Bateman plays John Beecham, a tall, handsome, noble, handsome, bearded, handsome man, who has severed ties with the East India Company so he can carry out trade in a more respectful manner. And so he purchases the titular estate, ready to begin a new life of decency with his family. But in its rush to convey all of this information, Beecham House’s opening double-bill races through its plot and its characterisation, trying to introduce us to everything and everyone without giving any of them time to breathe. Beecham is, we’re told, a Good Man, but we only know this because of all the exposition-heavy dialogue, while his partner and old friend Samuel (played by the always-excellent Marc Warren) comes across as little more than his Slightly Naughty Sidekick. As for the Beecham staff, they fare no better: they can be summed as The Quiet One, The Sometimes Angry One and The One Who Has Eyes for Beecham’s Soldier Brother.
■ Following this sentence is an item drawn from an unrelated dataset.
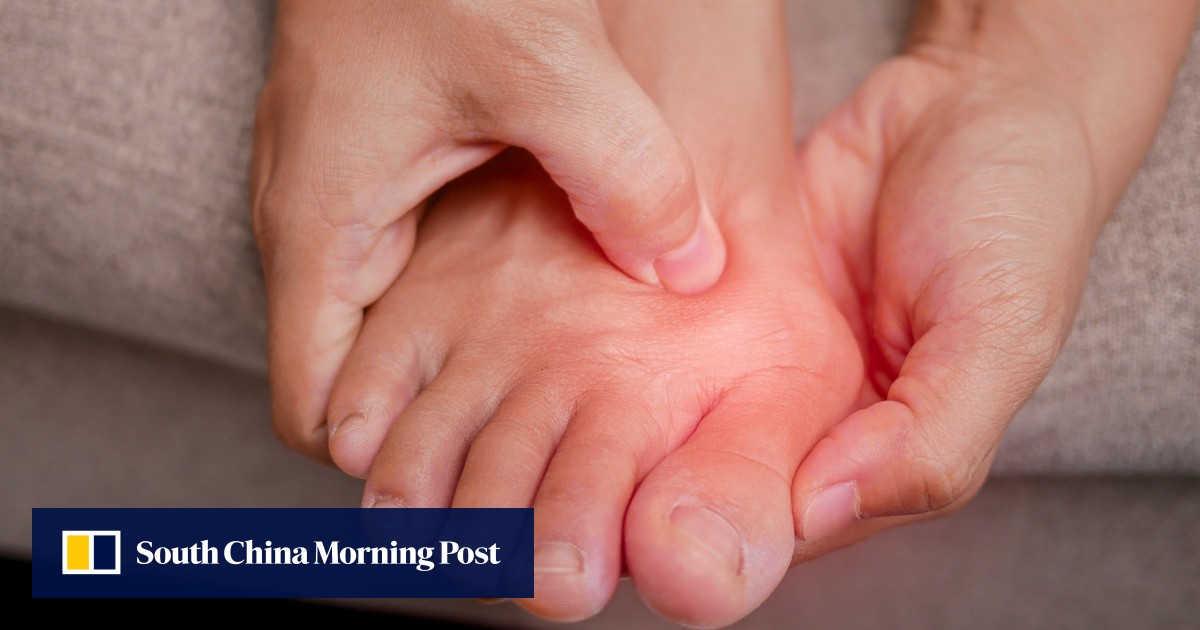 Australian woman admits trying to sell human toes she found in dog vomit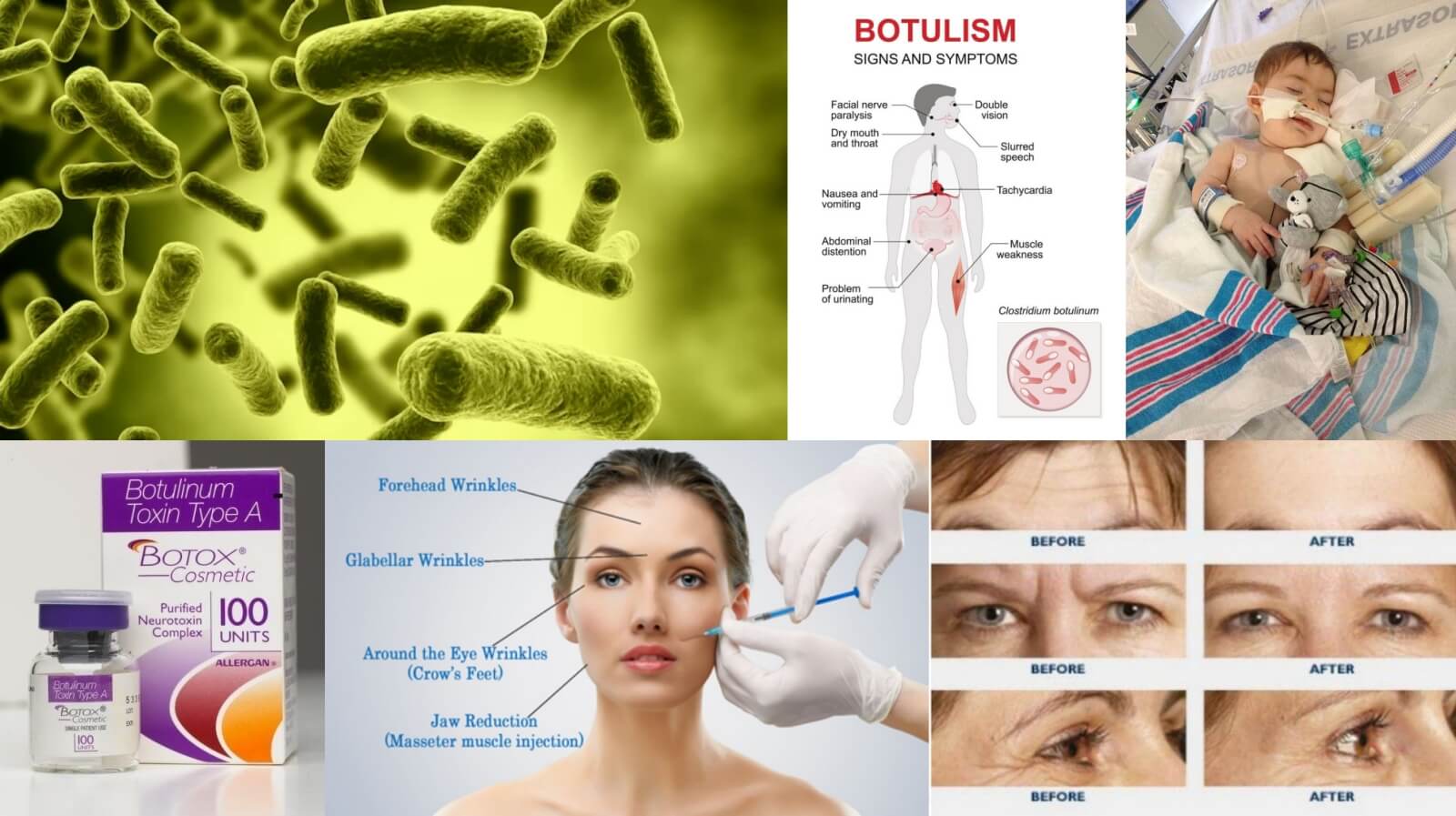 botulinum deadly poison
Chandrika (Pallavi Sharda), aka. The One Who Has a Past with Beecham, gets a brief moment to begin fleshing out her mysterious role, as children and other entanglements coming into play, but she’s sadly overshadowed by the presence of Lesley Nicol as Beecham’s constantly complaining mother, who doesn’t like the heat, the scorpions or the food – or the Indians, for that matter. She renames the household staff to English-friendly monikers she can remember, something that Beecham corrects her on, but then continues to tolerate her patronising behaviour – whether played for laughs or dramatic tension, her unwavering political incorrectness only reinforces the kind of colonial tropes that the series purportedly sets out to change. There’s chance, of course, for growth, lessons and important messages as the programme continues, but its introductory double-bill feels more artificial than authentic, from the colourful, yet curiously dust-free, sets to the token romance with governess Margaret (Dakota Blue Richards). The cast are doing their best but Beecham House needs more depth to become more than just Downton Delhi. Go in with lowered, soapy expectations to get the most out of it.
The Crystal Maze (All 4)
It is a truth universally acknowledged that the only thing more satisfying than solving a puzzle is watching someone else fail to solve it while shouting loudly at the telly. The Crystal Maze, back once again for another round of rebooted fun, continues to tap into that timeless truth, producing an hour of easy-viewing TV that’s as enjoyably agonising as ever. There’s fresh intrigue in this season, as it brings with it The Eastern Zone, which is inspired by the historic art, architecture and monuments of East Asia – replacing the Medieval Zone. The result, whether the broad-stroked approach to culture is sensitive or not, means new rooms to add into the mix, and the balanced variety of tasks – from memory challenges to rolling balls down slopes – remains well suited to the participants on each team. Here, they include Jeff Stelling (who gets phased by a spinning chair), Paralympian Hannah Cockcroft (who conquers everything set before her) and Tom Rosenthal, who promptly gets everyone else wet after falling in the water. Watching Richard Ayoade run from moisture is immensely satisfying, before he switches back into his cool, calm self moments later. “Time… who cares?” he muses, sarcastically, as someone is about to get locked in a room. “It’s not like anybody’s going to die.” Welcome back, The Crystal Maze. We missed you.